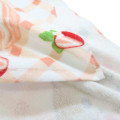 Japan Mofusand Face Towel - Cat / Macaroon Strawberry - 2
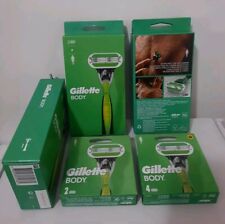 Gillette body rasoi usato  Nola
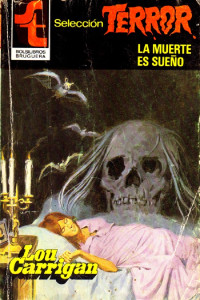 Lou Carrigan — La muerte es sueño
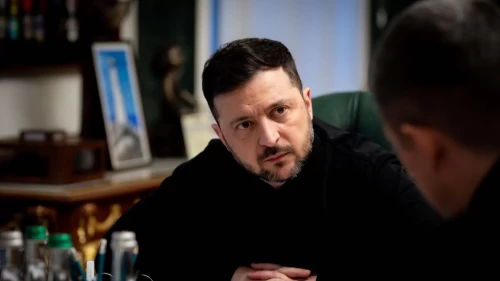 Zelenskiy açıkladı: Rusya’nın bir haftalık saldırı bilançosu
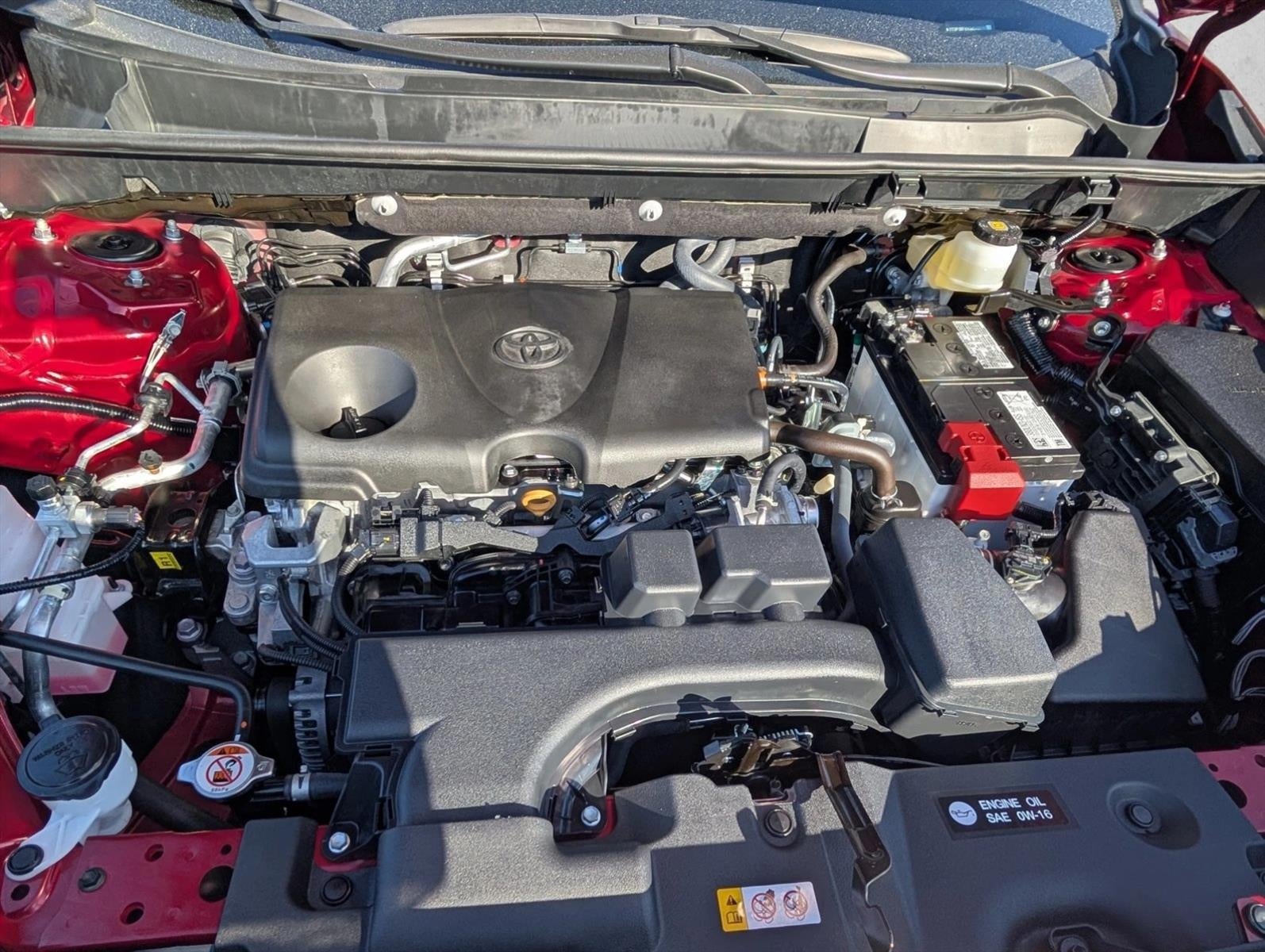 2025 Toyota RAV4 XLE AWD (Natl)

→ What the exercise asks
In the copy, keep every line of the data above exactly and drop each picture.

→ Exercise answer
 Japan Mofusand Face Towel - Cat / Macaroon Strawberry - 2
 Gillette body rasoi usato  Nola
 Lou Carrigan — La muerte es sueño
 Zelenskiy açıkladı: Rusya’nın bir haftalık saldırı bilançosu
 2025 Toyota RAV4 XLE AWD (Natl)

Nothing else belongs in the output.